BYU: Junior Mike Hall (6-3, 205 pounds) has made a smooth and impactful transition from junior college All-American to Div. 1 by averaging 12.7 PPG on the season. He's BYU's most exciting player and biggest threat to create his own shot, including a highlight-reel dunk over MWC Co-Player of the Year – Nick Welch of Air Force – some weeks ago. The slam-jama was the ESPN Play of the Day. More importantly, he is BYU's defensive stopper, evidenced by his MWC Defensive Player of the Year award.
Syracuse: the 6-5 Josh Pace, a junior, has contributed greatly this season averaging 9.9 PPG and 5.5 RPG. He started the season at small forward, but was switched to shooting guard after starting point guard, Billy Edelin, quit the team. Although an adequate scorer, his defense and rebounding have been his biggest contributions.
Summary: Pace will likely be one of Syracuse's ball handlers to free up the three-point bomber Gerry McNamara. Syracuse will need a solid defensive effort from McNamara to stop the explosive Hall. Hall will likely utilize his defensive skills to guard Syracuse's McNamara instead of Pace.
BYU: Senior Luiz Lemes has played a valuable role this season, averaging 8.6 PPG and 4.4 APG and 41 percent from three-point range. Over the past three games, he has stepped up his performance by averaging 16.7 PPG. If he continues his improved play, BYU will be fine.
Syracuse: Sophomore Gerry McNamara, a second team All-Big East selection, had a phenomenal year averaging 16.2 PPG, 3.2 APG, and hit 90 three-pointers, a school record.

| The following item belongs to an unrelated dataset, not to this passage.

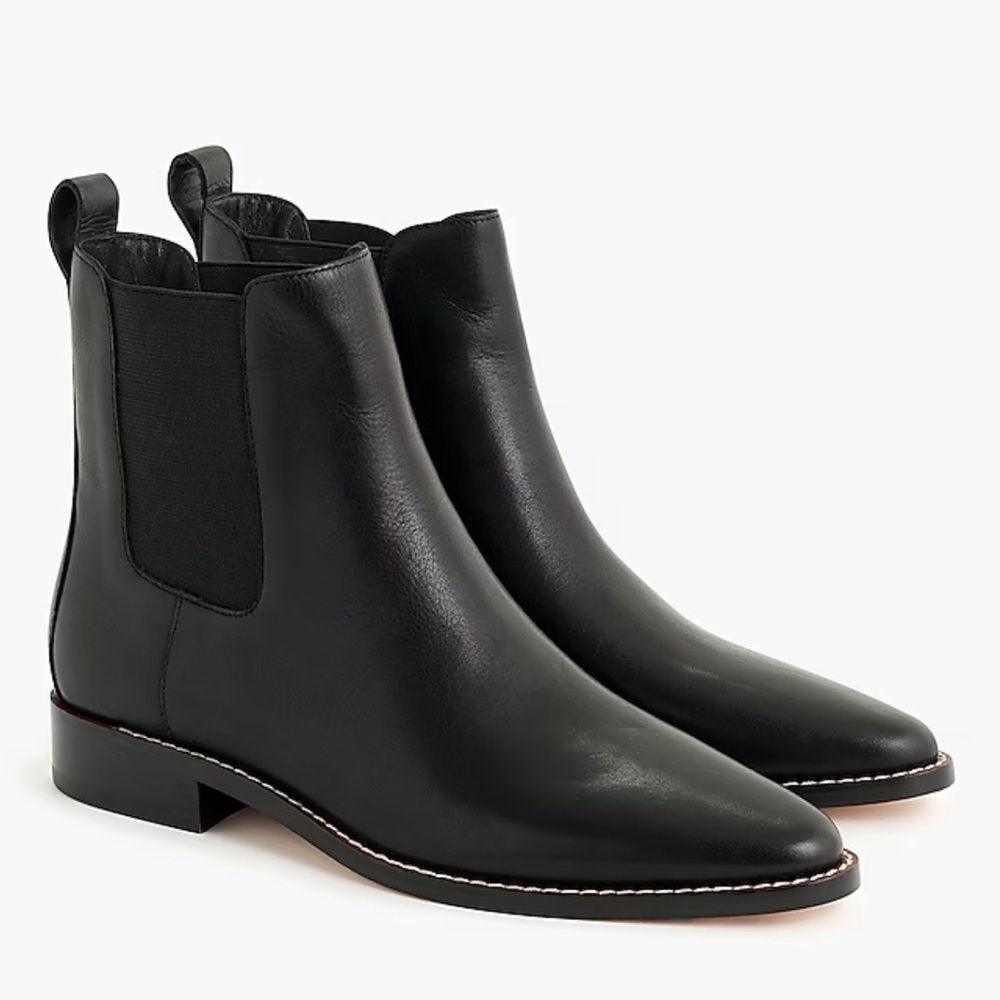 Leather Chelsea boots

He started the year at shooting guard, but was shifted to point guard halfway through the year.
Summary: If McNamara gets an opening, he'll hit a three. BYU's Hall will have to lock down on him. Lemes needs to continue as a scoring threat that Syracuse must respect.
BYU: Senior forward Jake Shoff, 6-9, 265 pounds, will continue to contribute as a valuable banger with the big boys to spare Araujo from critical fouls. Senior Kevin Woodberry, who is 6-0, 170 pounds, provides athletic relief at both guard positions. The three-point specialist, freshman guard Mike Rose (6-2 180 pounds), will come in to try and break down the 2-3 zone if the shots aren't falling for the starters.

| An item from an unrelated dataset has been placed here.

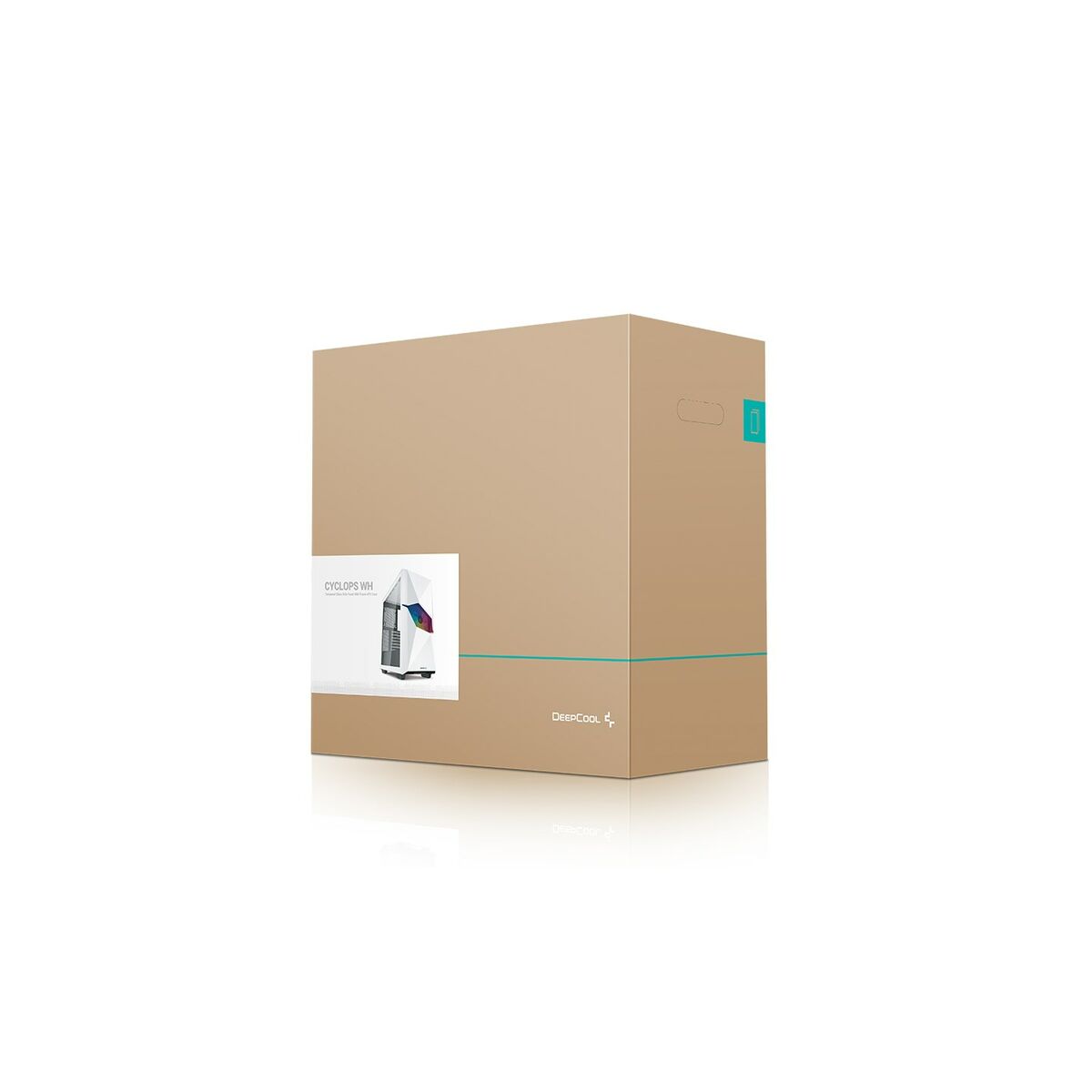 ATX Semitorn DEEPCOOL CYCLOPS Vit Svart - 5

Syracuse: Senior center Jeremy McNeil, (6-8 250), provides a defensive presence off the bench and recorded three blocks against Boston College. Freshman guard Louie McCroskey, (6-5 187), provides a scoring threat if needed.
Summary: BYU relies heavily on its bench and can bring in some very experienced role players onto the court. Syracuse's bench has been shut out three times this year and three freshmen are key reserves. Enough said.
BYU: Cougar head coach Steve Cleveland has never won an NCAA tournament game. This is one monkey he definitely wants to get off his back.
Syracuse: Orangemen head man Jim Boeheim has led his team deep into the NCAA tournament several times before finally winning last year's national championship. He'll have his team ready.
BYU is a senior-heavy team hungry for a tournament victory and won't be intimidated by last year's NCAA national champion. Life, post Carmelo, won't treat Syracuse quite so grandly in the NCAA tournament. The altitude of Denver, the pro-BYU crowd, and the super-sized Araujo will be too much for the Orangemen to overcome.